Il y a encore un an, lorsqu’on l’interrogeait sur ce qu’il dirait si jamais Emmanuel Macron lui demandait de rejoindre le gouvernement, Manuel Valls avait refusé de répondre à cette question, affirmant sur RTL : « Je ne veux pas être ridicule. » Son retour en France, sa capacité de penser qu’il n’est pas grotesque et sa volonté désormais assumée de « jouer un rôle dans la campagne présidentielle de 2022 » sont le fruit d’un échec collectif. Un échec médiatique d’abord, porté par tous ceux qui, dans un réflexe stockholmois, ont continué à lui offrir un boulevard d’expression sur ses marottes, alors même qu’il avait été désavoué par les urnes et s’était retiré de la vie politique française.
Pendant trois ans, la machine a été régulièrement alimentée. Une polémique sur le port du voile ? On appelle Manuel Valls. Une autre sur l’usage du mot « ensauvagement » ? On appelle Manuel Valls. Une autre encore sur la laïcité – enfin, sur l’islam ? On appelle Manuel Valls. Une énième sur les réunions en non-mixité ? On appelle Manuel Valls. Une dernière sur le « séparatisme » ? On appelle Manuel Valls.
Il y a quelques jours encore, l’ancien premier ministre était même invité par Le Figaro à donner son avis très « loyaliste » sur le processus de décolonisation en Nouvelle-Calédonie, alors même qu’il avait abandonné, en 2018, la présidence d’une mission parlementaire sur le sujet, deux mois avant la tenue d’un référendum historique.
Un échec politique ensuite, rendu possible par un Parti socialiste sans repères et un pouvoir macroniste jouant avec le feu. Une classe politique d’égarés, qui n’hésite plus à boxer dans la même catégorie que le Rassemblement national (RN). « À un an de la présidentielle, dans le contexte de poussée du Rassemblement national, une personnalité comme Valls peut avoir une réelle utilité », estime d’ailleurs sans honte un proche d’Emmanuel Macron dans les colonnes du Parisien, quand Marlène Schiappa, ministre déléguée chargée de la citoyenneté, et Amélie de Montchalin, ministre de la transformation et de la fonction publiques, s’affichent à ses côtés sur Twitter.

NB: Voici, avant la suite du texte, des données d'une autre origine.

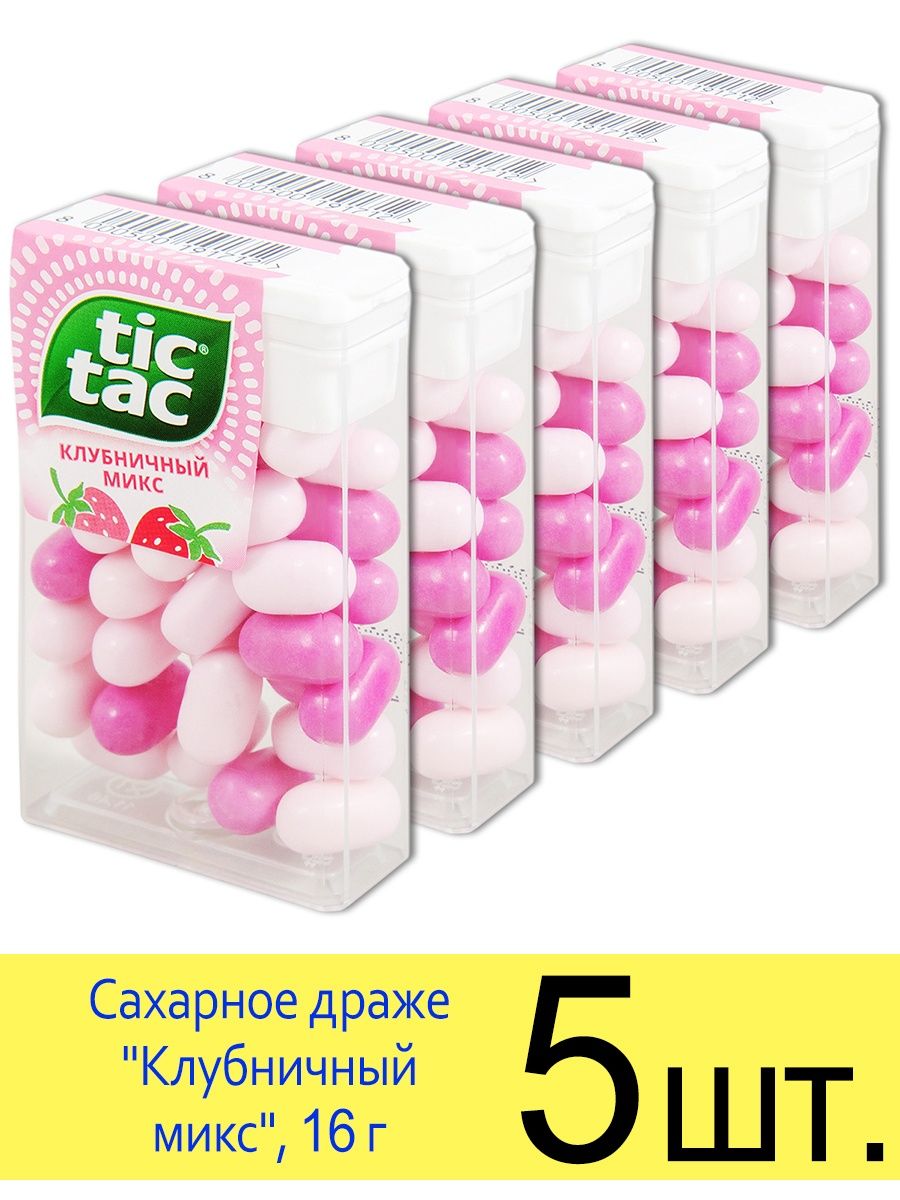 Драже Tic tac клубничный микс, 16 г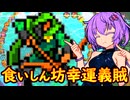 【VAMPIRE SURVIVORS】クッキー沢山食べたから死神の攻撃がきかない結月ゆかり【ボイロ実況】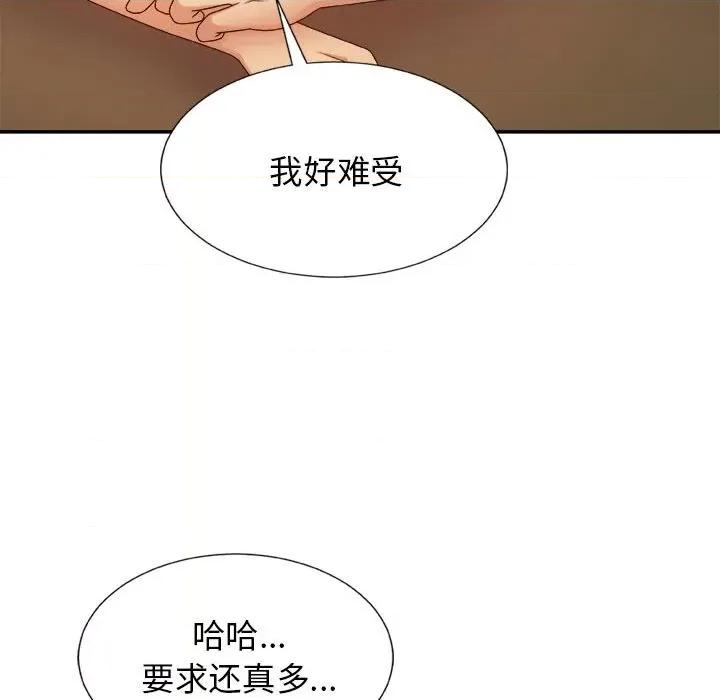 我体内的那个祂 我体内的神君-第 11 话 第148页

Le simple fait que ce dernier possède encore assez de légitimité pour être reçu sous les ors de la République par des ministres en mal de colonne vertébrale, alors même qu’il n’a cessé de retourner sa veste et de se couler dans l’agenda idéologique de l’extrême droite, en dit long sur la situation politique dans laquelle nous nous trouvons.
Car le retour de Manuel Valls et la possibilité que lui offrent certains de « peser » dans le débat public, voire de s’imaginer un nouveau destin national, n’a rien d’anecdotique. Comme un signe de l’air du temps, il s’inscrit dans un contexte plus général où la perte des valeurs, la démagogie, le brouillage des lignes, l’oubli des fondamentaux et le cynisme politicien règnent désormais en maîtres. C’est dans ce clair-obscur qu’il surgit.